■ Your instructions ■
Give the records again in full, exactly as they appear, but without the pictures.

Content starts

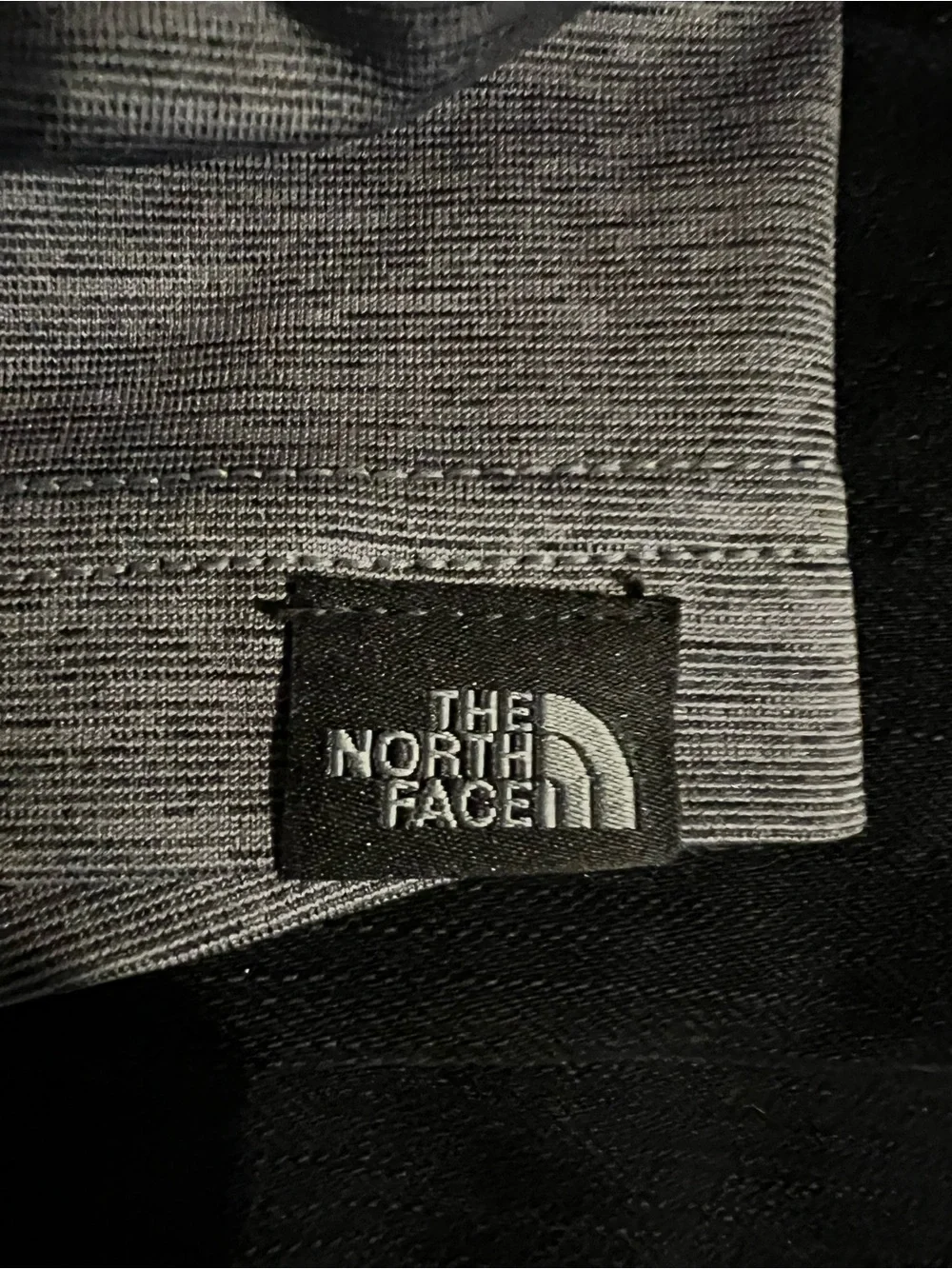 The North Face Flashdry Women's Gray Heather Short Sleeve V Neck T-Shirt - large - Picture 5 of 6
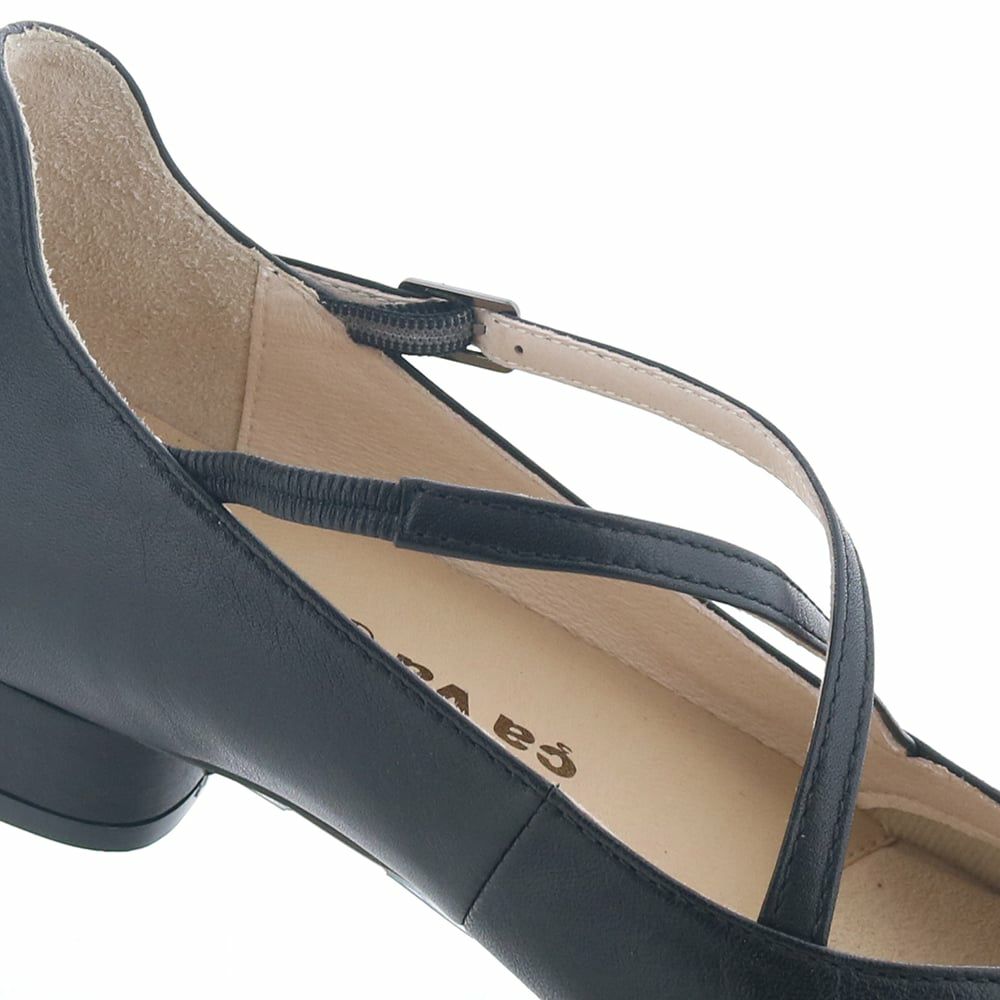 ストラップは根元がゴムになっているので、そのまま着脱できます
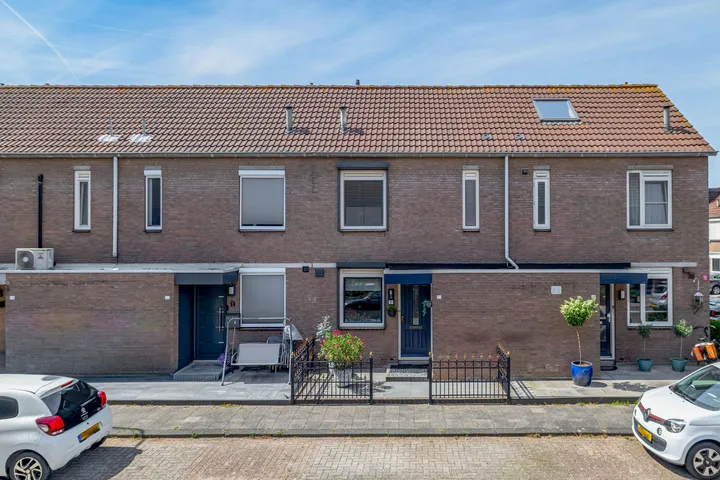 Terraced house for sale: Thorbeckelaan 30, Centrum-Oost Spijkenisse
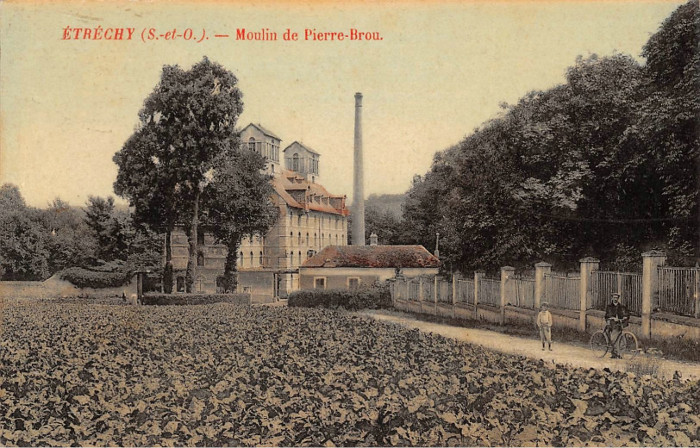 Le moulin de Pierrebrou au début du XXe siècle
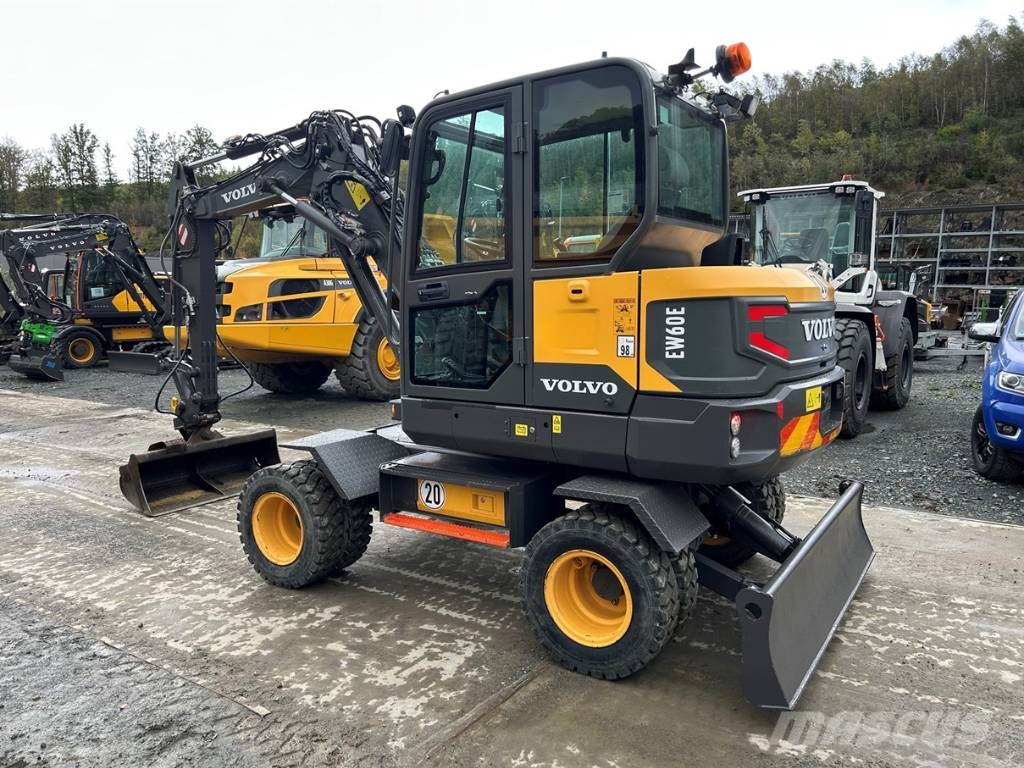 Volvo EW 60 E Bagri na kolesih
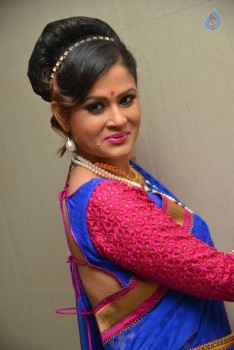Shilpa Chakravarthy Pics - 14 of 21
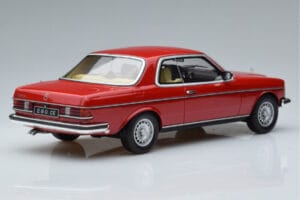 Mercedes 280 CE C123 Rdeč Otto 1:18 OT145 Smola – slika 2 od 6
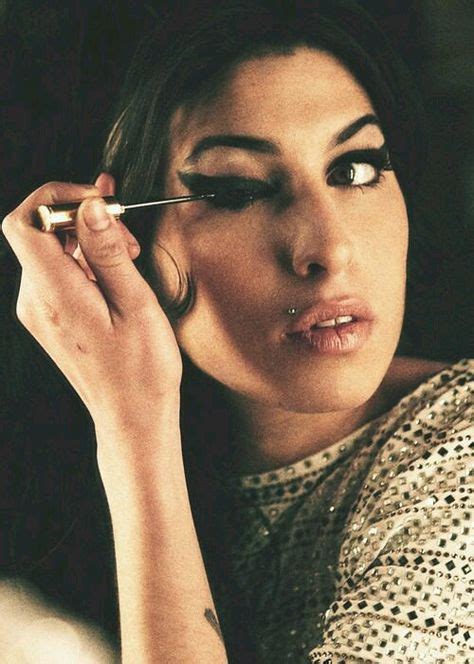 A Photographic Tribute Amy Winehouses Legacy Lives On Live Fast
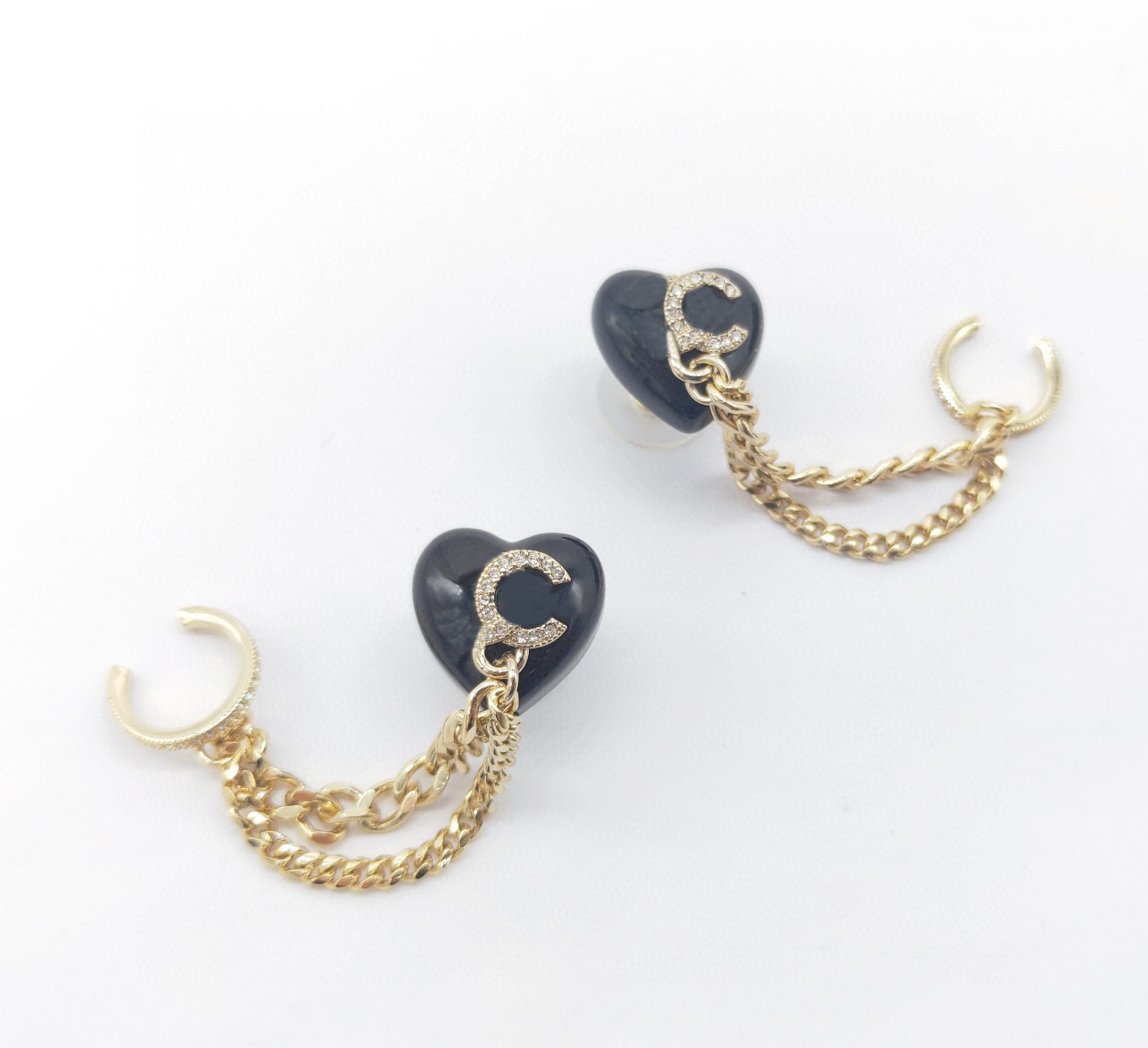 

Luxury quality Charm drop earring with black heart shape and diamond tassel style have box stamp PS7180A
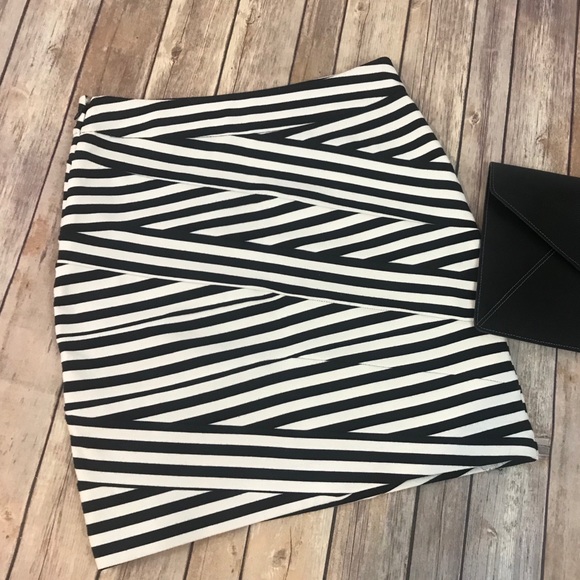 Express Striped Mini Skirt - Picture 3 of 5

Content ends

■ Task response ■
 The North Face Flashdry Women's Gray Heather Short Sleeve V Neck T-Shirt - large - Picture 5 of 6
 ストラップは根元がゴムになっているので、そのまま着脱できます
 Terraced house for sale: Thorbeckelaan 30, Centrum-Oost Spijkenisse
 Le moulin de Pierrebrou au début du XXe siècle
 Volvo EW 60 E Bagri na kolesih
Shilpa Chakravarthy Pics - 14 of 21
 Mercedes 280 CE C123 Rdeč Otto 1:18 OT145 Smola – slika 2 od 6
 A Photographic Tribute Amy Winehouses Legacy Lives On Live Fast

Luxury quality Charm drop earring with black heart shape and diamond tassel style have box stamp PS7180A
 Express Striped Mini Skirt - Picture 3 of 5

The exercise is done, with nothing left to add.